The government’s barrister told the Grenfell Tower public inquiry it was "deeply sorry for its past failures" in overseeing building safety.

"Why couldn’t they have apologised four-and-a-half years ago,” the 56-year-old told LondonWorld.

“They have put the bereaved families through four-and-a-half years of hell.”

Yvette Williams, left, at the opening day of the Grenfell Tower inquiry. Credit: BEN STANSALL/AFP via Getty Images

Ms Williams and her daughter witnessed the horrific fire at the 24-storey Grenfell Tower block in North Kensington.

She has played an important role in the campaign for accountability and justice for Grenfell victims ever since.

On Tuesday, counsel for the Department for Levelling Up, Housing and Communities, Jason Beer QC, said: “The department is deeply sorry for its past failures in relation to the oversight of the system that regulated safety in the construction and refurbishment of high-rise buildings.

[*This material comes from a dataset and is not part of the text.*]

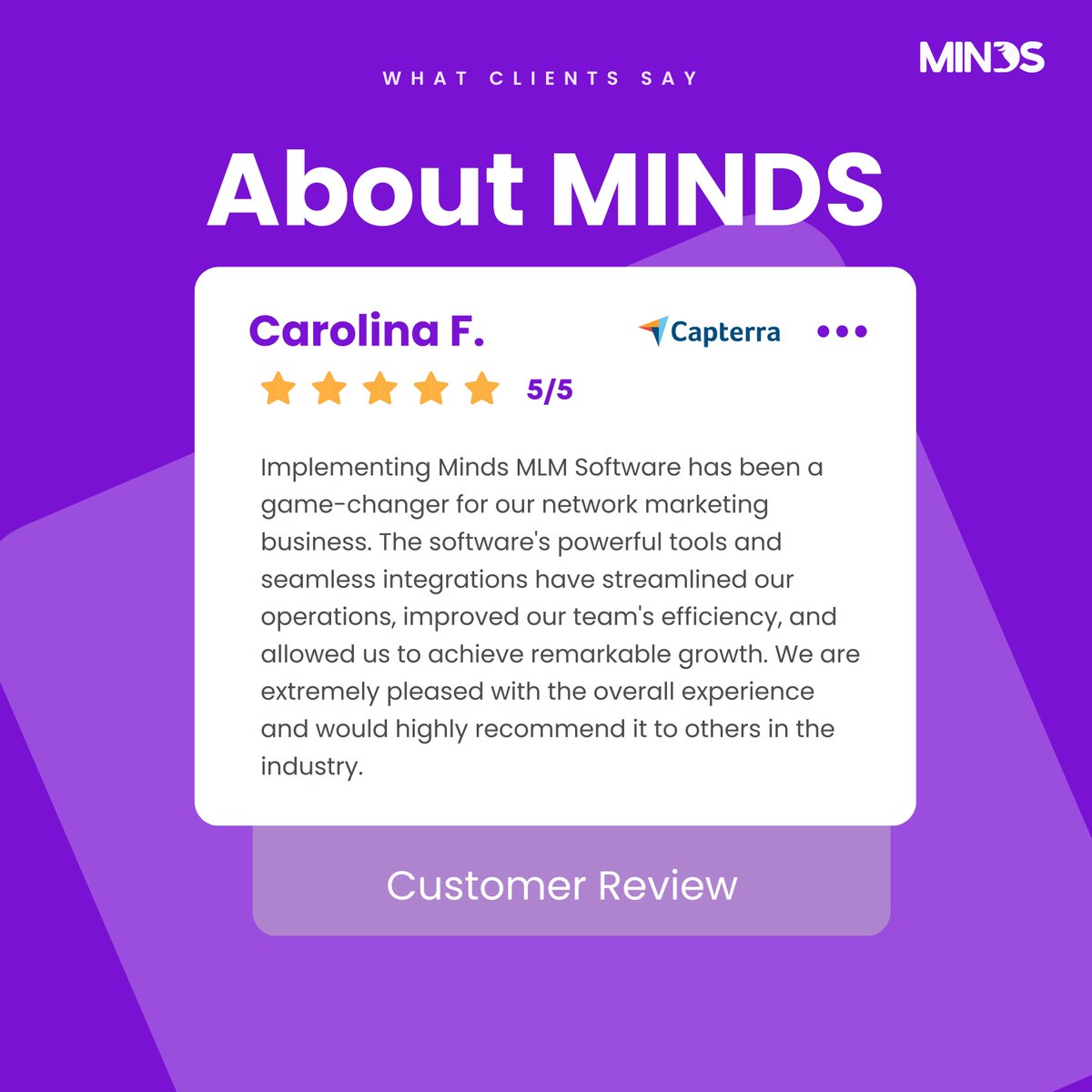 minds_mlm's tweet image. 🌟 Client Review: Results with Minds MLM Software! 🌟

“It also deeply regrets past failures in relation to the superintendence of the building control bodies, which themselves had a key role in ensuring the safe construction and refurbishment of such buildings.

“It apologises to the bereaved residents and survivors of the fire for such failures.”

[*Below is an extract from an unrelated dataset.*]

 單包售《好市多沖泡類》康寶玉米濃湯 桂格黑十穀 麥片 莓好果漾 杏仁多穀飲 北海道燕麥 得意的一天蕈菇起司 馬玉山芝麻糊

He said the Government, as well as the public and residents of the tower, had trusted that “those constructing and approving high-rise blocks and supplying the products used in them were following the law and doing the right thing”.

This trust was “both misplaced and abused”, he said, adding: “The department greatly regrets that it took the Grenfell Tower tragedy to lay bare this misplaced and abused trust.”

In this file photo taken on June 14, 2017 police man a security cordon as a huge fire engulfs the Grenfell Tower early June 14, 2017 in west London. Photo by Daniel Leal-Olivas / AFP via Getty Images.

The Grenfell Tower Inquiry began on September 14 2017 to investigate the causes of the fire and other related issues.

Findings from the first report of the inquiry, released in October 2019 affirmed that the building’s exterior did not comply with regulations, which caused the fire to spread so quickly and that the fire service were too late in advising residents to evacuate.

A second phase to the investigation began on the third anniversary in 2020.

Grenfell United said in a statement yesterday: “The government’s statement at the public inquiry today is deeply offensive.

“It is a disingenuous attempt to carry on their masquerade of innocence.

“Previous prime minister David Cameron’s refusal to come to the inquiry, despite living a stone’s throw from Grenfell Tower, is proof of the government’s reluctance to uncover the true extent of their culpability.

“Grenfell United previously said ‘the system isn’t broken, it was built this way’.

“Their financial gain led to the death of our 72.”

The group said that the government knew about the deadly materials and the consequences, “but covered up the risks”.

“Let’s see how long their apology stands up against the evidence at the public inquiry in the coming weeks. No one should be exempt from accountability,” it added.

The government has since banned the use of combustible materials on buildings and has proposed a Building Safety Bill with measures to introduce a new building safety regulator.